Apparently, recent lawlessness was caused by the following: lack of legitimacy of the Coalition government, government public sector spending cuts, the failure of multiculturalism, the fostering of welfare dependency under New Labour, the deep-seated malaise of disenfranchised urban communities and the wanton destruction of thieving, feral youth. Clear as mud then. But whatever the cause, politicians and commentators seem united on the fact that something is deeply wrong with British society.

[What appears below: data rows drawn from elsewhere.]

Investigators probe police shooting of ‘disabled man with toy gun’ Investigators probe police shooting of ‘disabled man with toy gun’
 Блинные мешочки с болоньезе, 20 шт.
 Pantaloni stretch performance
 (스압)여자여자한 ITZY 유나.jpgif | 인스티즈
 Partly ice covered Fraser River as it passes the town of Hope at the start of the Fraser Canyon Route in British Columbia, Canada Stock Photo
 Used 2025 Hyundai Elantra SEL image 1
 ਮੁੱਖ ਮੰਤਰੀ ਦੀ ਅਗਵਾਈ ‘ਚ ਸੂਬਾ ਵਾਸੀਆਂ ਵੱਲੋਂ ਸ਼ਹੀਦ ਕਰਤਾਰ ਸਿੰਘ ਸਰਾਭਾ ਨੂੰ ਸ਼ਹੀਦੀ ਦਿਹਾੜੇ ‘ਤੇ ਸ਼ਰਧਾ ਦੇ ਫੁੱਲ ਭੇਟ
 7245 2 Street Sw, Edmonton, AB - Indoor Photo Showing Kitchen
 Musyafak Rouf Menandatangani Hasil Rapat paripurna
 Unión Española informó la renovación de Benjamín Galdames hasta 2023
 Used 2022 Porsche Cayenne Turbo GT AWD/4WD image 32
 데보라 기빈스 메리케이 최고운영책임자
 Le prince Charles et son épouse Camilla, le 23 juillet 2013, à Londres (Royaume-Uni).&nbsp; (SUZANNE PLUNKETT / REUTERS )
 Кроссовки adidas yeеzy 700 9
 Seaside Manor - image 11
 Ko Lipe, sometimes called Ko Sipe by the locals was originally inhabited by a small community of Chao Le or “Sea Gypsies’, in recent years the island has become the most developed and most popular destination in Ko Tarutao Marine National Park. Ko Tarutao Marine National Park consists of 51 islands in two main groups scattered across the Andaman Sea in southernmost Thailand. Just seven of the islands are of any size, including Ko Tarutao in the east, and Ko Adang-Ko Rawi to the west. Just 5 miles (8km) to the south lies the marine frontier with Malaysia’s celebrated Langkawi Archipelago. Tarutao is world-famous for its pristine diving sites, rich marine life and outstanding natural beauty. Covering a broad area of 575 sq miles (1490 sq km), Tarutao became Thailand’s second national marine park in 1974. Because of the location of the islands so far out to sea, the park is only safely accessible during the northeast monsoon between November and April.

But is that really the case? A YouGov poll this week suggested a very different conclusion to the dominant political and media narrative. Asked whether they thought their own community and surrounding area was ‘broken’, only around a third of the British public agreed. Not only is that number surprisingly low so soon after the riots, it has actually fallen since 2009. Nationally we are much more pessimistic – three quarters of us think society is broken. That stat hasn’t changed since 2009, but nor, interestingly did it change in the immediate aftermath of the riots.
The national line about a broken society is only part of the truth. Only a handful of places were affected, with even many parts of London relatively quiet. I don’t want to downplay the very real impact of the riots – the Dirty South pub in Lewisham is at the end of my road, so I was one of many people who spent several nights in with the doors locked and the curtains drawn. But it’s important that we don’t mistake an astonishing outpouring of violence for a general social malaise. As NLGN’s recent work on the Big Society showed, lots of places across Britain have high levels of belonging, cohesion and social activism. Our data show that around a third of us might even be prepared to mentor one of the many young offenders who’ve been created by the riots. Not all of the these places are in the leafy shires.
And although David Cameron can’t say it, the recent rioting and looting may actually show that building the Big Society is not a pipedream.
What we’ve seen in the aftermath of rioting has been a positive response from many communities – the ‘I love Peckham’ post-it note wall, riot wombles in Clapham, voluntary street cleaning in Chalk Farm – all surely perfect examples of what the Prime Minister would like to become the norm as communities respond to public service spending cuts.
The response from the political class was the usual mixed bag. Nationally, the parliament recall looked like a sop to MPs and national leaders who really had nothing to offer riot stricken areas except the usual knockabout between left and right. Boris Johnson put in a lacklustre performance, raising questions about whether the coalition’s plans for elected police commissioners will make much difference (he effectively already does the job for Londoners). And a handful of local leaders put in strong performances – notably Croydon’s Mike Fisher – before finding themselves stymied by a lack of power.
The next steps are pretty obvious. Punish the rioters, crack down on gangs and then start the slow process of rebuilding affected communities. Local government cannot stop a riot once it has begun, but it can remove the conditions that start them in the first place. Whitehall can help this complex process by letting communities themselves set priorities and allocate resources, rather than having civil service silos do it for them.
Whilst we work through the problems of the most troubled communities, it would be remiss and counter-productive not to recognise and celebrate communities that did not riot – that remained coherent and which offer hope for the future. The national psyche may be damaged as a result of what happened in the last few weeks, and wall-to-wall news coverage and shocking visuals of people jumping from burning buildings are seared into the collective memory and can hamper rational debate.
Yes, we as a country have issues to confront that we’d perhaps rather not, but in the face of querulous calls to the contrary, we need to tackle societal problems community by community. Society is neither big nor broken – it is a construct of thousands of unique communities with an identity and life of their own. Individual societies might be damaged, but to say that British society is broken misses the point.